Your assignment: Repeat the data word for word. Do not include the pictures.

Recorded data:
········

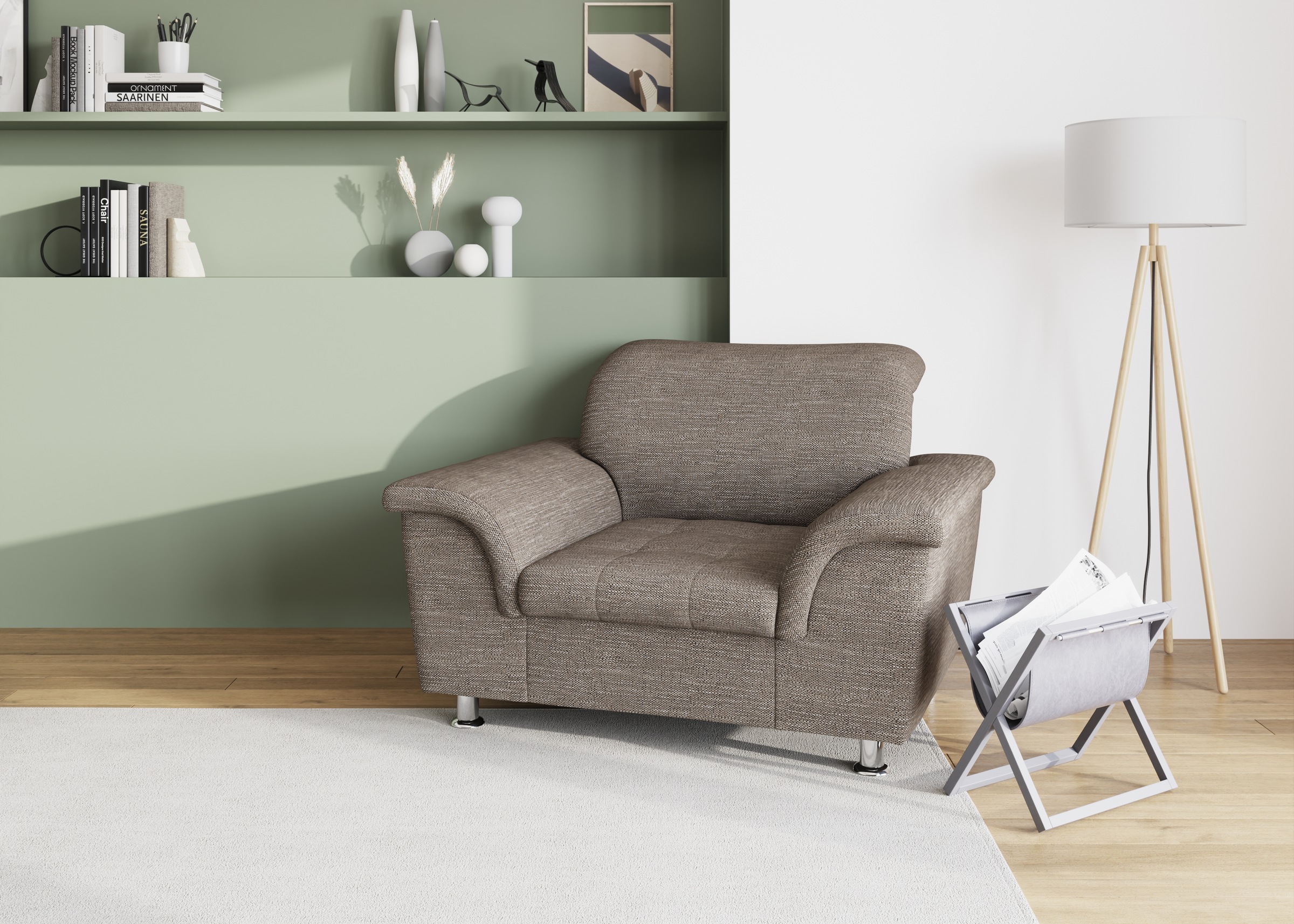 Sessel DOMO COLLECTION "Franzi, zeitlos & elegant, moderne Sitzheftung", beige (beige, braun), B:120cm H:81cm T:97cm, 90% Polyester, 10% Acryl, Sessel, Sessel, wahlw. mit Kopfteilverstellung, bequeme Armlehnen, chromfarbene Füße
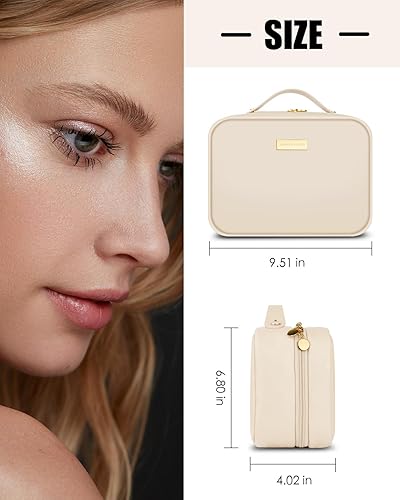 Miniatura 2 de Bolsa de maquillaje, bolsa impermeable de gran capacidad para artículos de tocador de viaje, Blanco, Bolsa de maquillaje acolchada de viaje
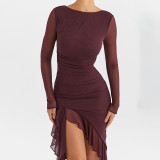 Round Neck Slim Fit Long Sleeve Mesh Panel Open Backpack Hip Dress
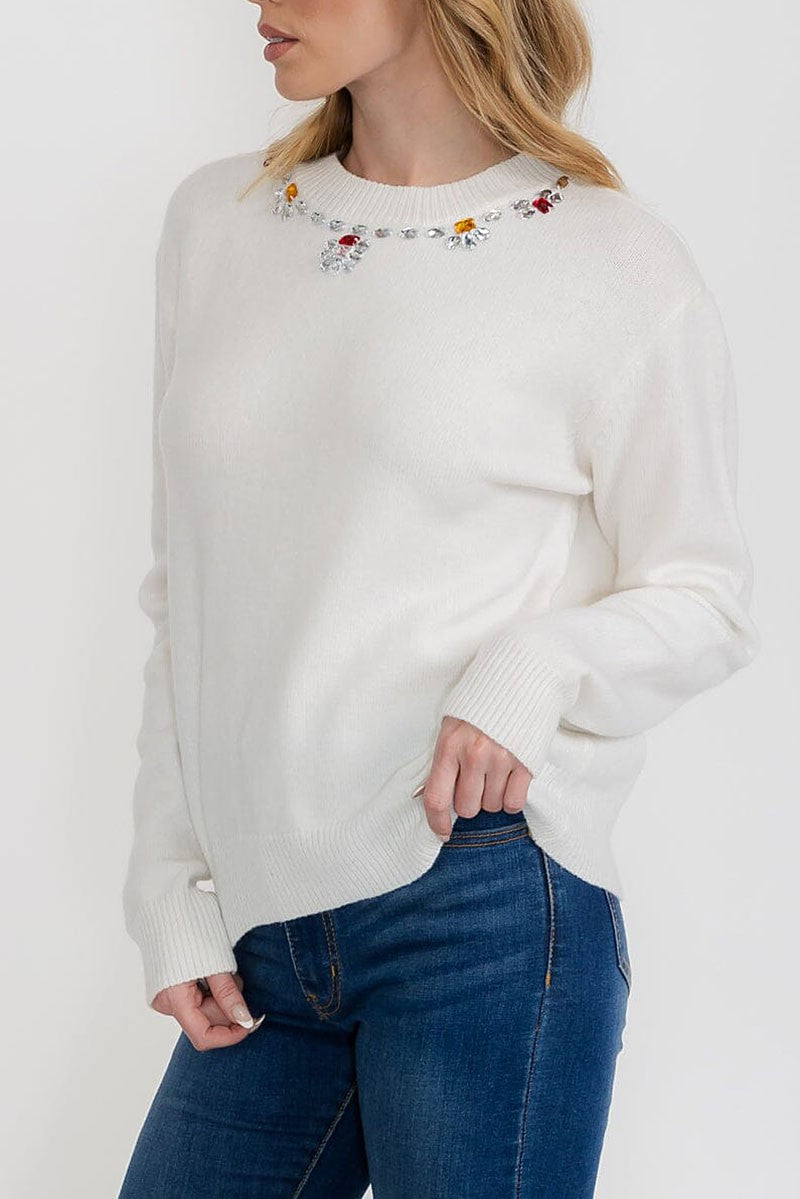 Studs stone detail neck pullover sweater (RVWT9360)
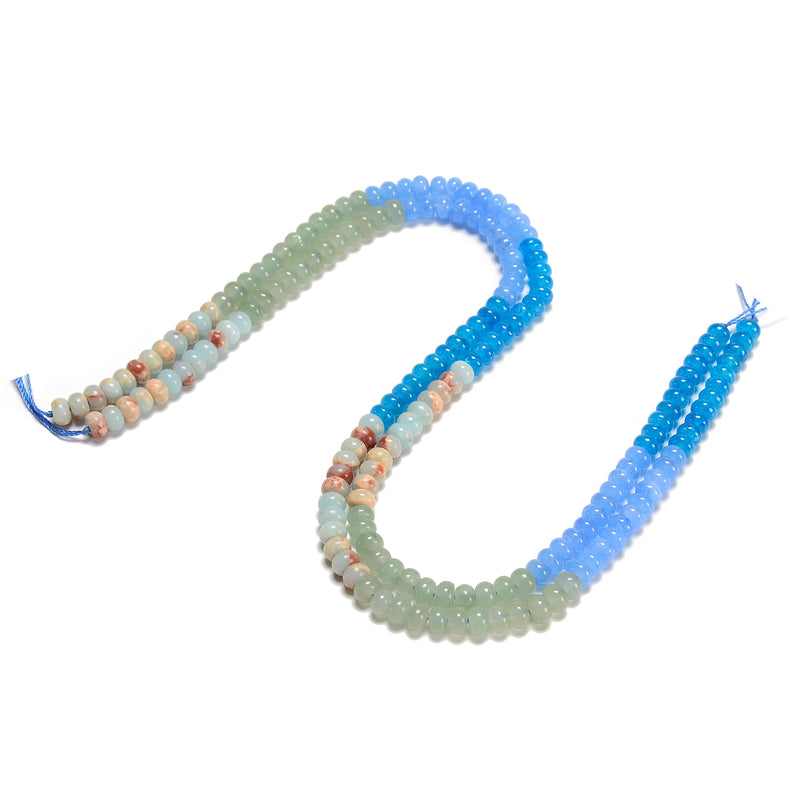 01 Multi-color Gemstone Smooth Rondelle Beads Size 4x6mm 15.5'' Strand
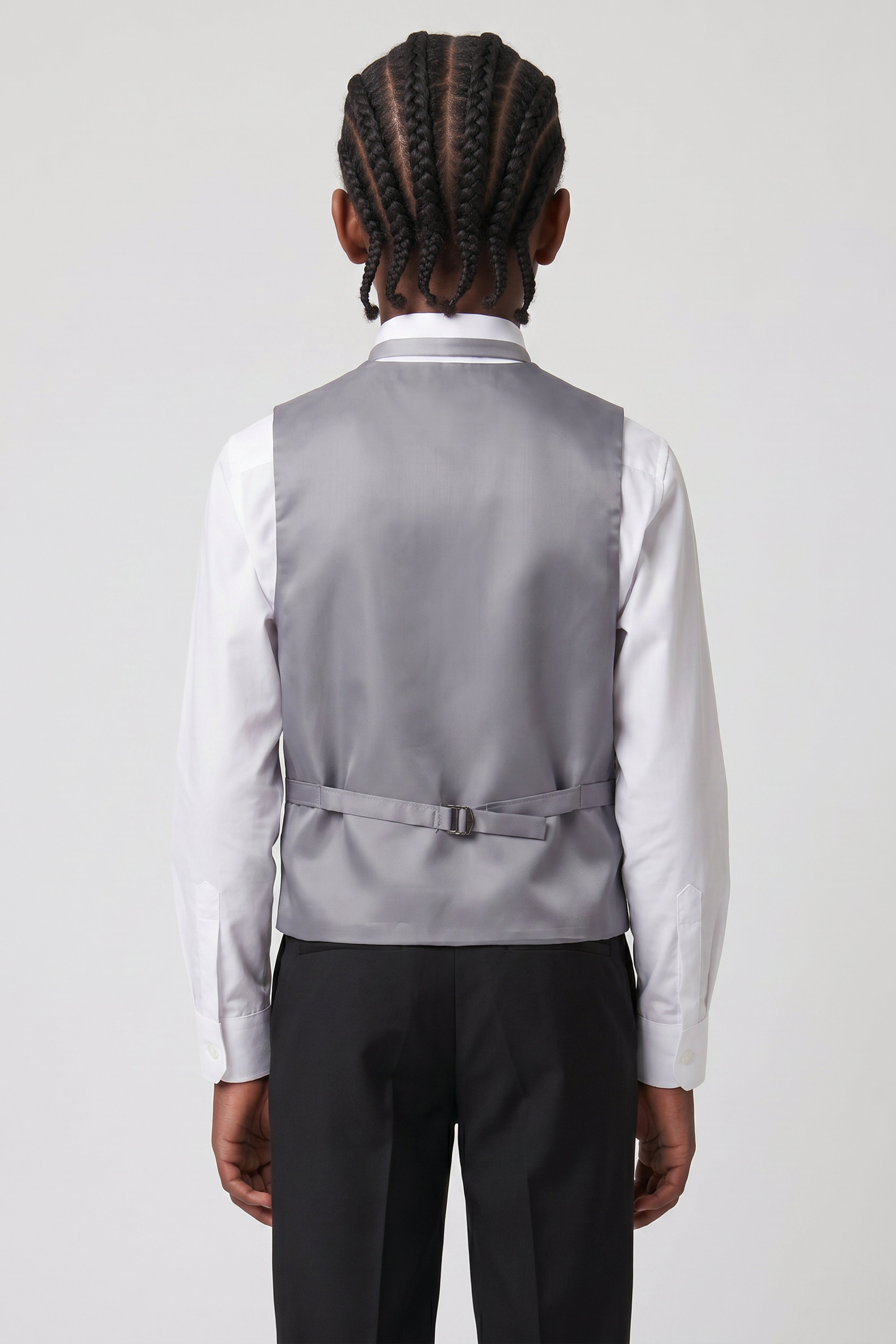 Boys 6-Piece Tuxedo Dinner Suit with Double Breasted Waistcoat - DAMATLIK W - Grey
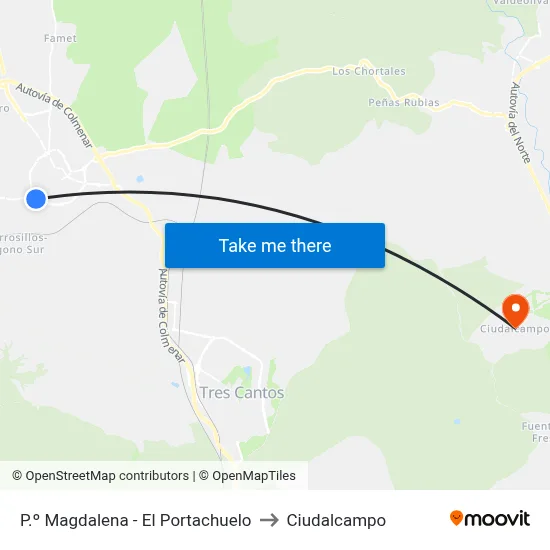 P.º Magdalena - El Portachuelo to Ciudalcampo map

········

Written response:
 Sessel DOMO COLLECTION "Franzi, zeitlos & elegant, moderne Sitzheftung", beige (beige, braun), B:120cm H:81cm T:97cm, 90% Polyester, 10% Acryl, Sessel, Sessel, wahlw. mit Kopfteilverstellung, bequeme Armlehnen, chromfarbene Füße
 Miniatura 2 de Bolsa de maquillaje, bolsa impermeable de gran capacidad para artículos de tocador de viaje, Blanco, Bolsa de maquillaje acolchada de viaje
 Round Neck Slim Fit Long Sleeve Mesh Panel Open Backpack Hip Dress
 Studs stone detail neck pullover sweater (RVWT9360)
 01 Multi-color Gemstone Smooth Rondelle Beads Size 4x6mm 15.5'' Strand
 Boys 6-Piece Tuxedo Dinner Suit with Double Breasted Waistcoat - DAMATLIK W - Grey
 P.º Magdalena - El Portachuelo to Ciudalcampo map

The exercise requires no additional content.